Sira-Anna Faal (l.) und Nikata Thompson in Pauline
Mutter-Tocher-Gespann Sira-Anna Faal (l.) und Nikata Thompson (Credit: Disney+)

Das Serienprojekt begann einmal bei Netflix und wechselte dann zu Disney+. Was können Sie dabei über den kreativen Austausch, zum Beispiel mit Benjamina Mirnik-Voges oder Eun-Kyung Park, sagen?

Sebastian Colley: Wenn es um die Erschaffung neuer Welten geht, hat niemand so viel Erfahrung wie Disney. Daher war der kreative Austausch für uns von unschätzbarem Wert. Dazu macht es menschlich auch noch wahnsinnig viel Spaß, mit Benjamina und ihrem Team zusammenzuarbeiten. Nach dem Aus bei Netflix hätte es für uns also nicht besser laufen können. 

Disney+ hat sich Diversität auf die Fahnen geschrieben. Wie wichtig ist Ihnen, dass eine Serie diese gesellschaftliche Vielfalt auch abbildet?

Sebastian Colley: Uns war es wichtig, Charaktere mit unterschiedlichen Lebensrealitäten und Überzeugungen zu erzählen.
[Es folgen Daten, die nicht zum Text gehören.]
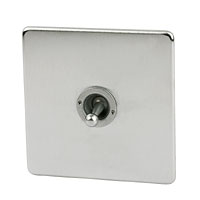 CRABTREE 1G 2W 10AX Toggle Sw Brushed Chrome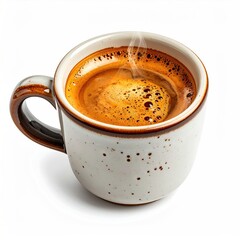 Espresso in a small, speckled ceramic cup, steam rising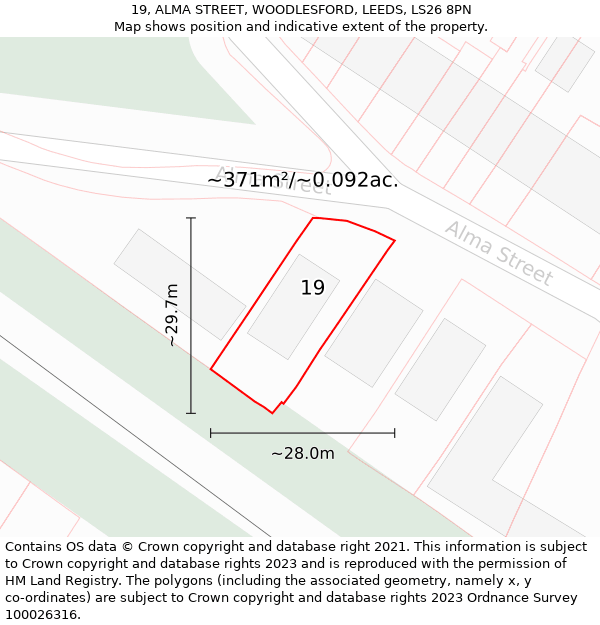 19, ALMA STREET, WOODLESFORD, LEEDS, LS26 8PN: Plot and title map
Deshalb sind die Drehbücher auch im Writers Room entstanden, also in einem kreativen Miteinander, bei dem jede Autor:in ihre persönlichen Erfahrungen einbringen kann. Ich finde es immer ein bisschen schade, wenn Diversität erst beim Casting anfängt. Natürlich ist Sichtbarkeit wichtig, aber im besten Fall sollte Diversität beim Storytelling anfangen. Wie großartig so etwas funktionieren kann, hat Disney ja bereits mit „Sam – Ein Sachse“ bewiesen. 
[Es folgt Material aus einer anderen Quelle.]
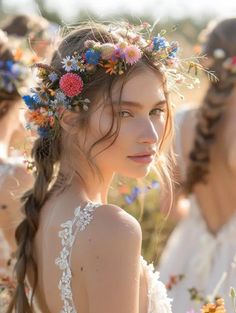 a woman with flowers in her hair standing next to two other women wearing dresses and braids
Sie haben mit Sira-Anna Faal und Ludger Bökelmann zwei der angesagtesten Jungschauspieler:innen in den Hauptrollen, die vor allem Genre spielen können. Wie schwierig ist es in diesem phantastischen Genre, beim Dialog den richtigen Ton zu treffen?

Sebastian Colley: Wir wollten von Anfang an, dass die Serie nicht nur dramatische, sondern auch komische Momente hat. Also nicht nur „Der Exorzist“, sondern auch ein bisschen „Buffy“. Da die richtige Tonalität zu finden, war eine Gratwanderung, die ohne Sira und Ludger sicher nicht funktioniert hätte. Am Ende ist es die besondere Chemie zwischen den beiden, die „Pauline“ zusammenhält. Das gilt übrigens auch für den Rest unseres Casts. Versuchen Sie mal emotional glaubhaft und unterhaltsam einen Dämonen zu verkörpern. Gar nicht so einfach.

Worauf kann man sich bei Ihrer nächsten Serie „Perfekt Verpasst“ mit Anke Engelke und Bastian Pastewka und wieder der btf freuen, die ihre Weltpremiere auf dem Filmfest München feiern wird?

Sebastian Colley: Ich will nicht zu viel verraten, aber „Perfekt Verpasst“ kommt ganz ohne übernatürliche Schwangerschaften aus. Und es ist auch eher eine „Late-Coming-Of-Age“-Geschichte. Die Idee für die Prime-Video-Serie stammt von Anke Engelke und Bastian Pastewka. Es geht um eine Buchhändlerin und einen Sportgeschäftbesitzer aus Marburg, die beide in ihren jeweiligen Leben feststecken. Sie wären eigentlich ziemlich perfekt füreinander. Das einzige Problem: Die beiden sind sich bisher noch nicht über den Weg gelaufen.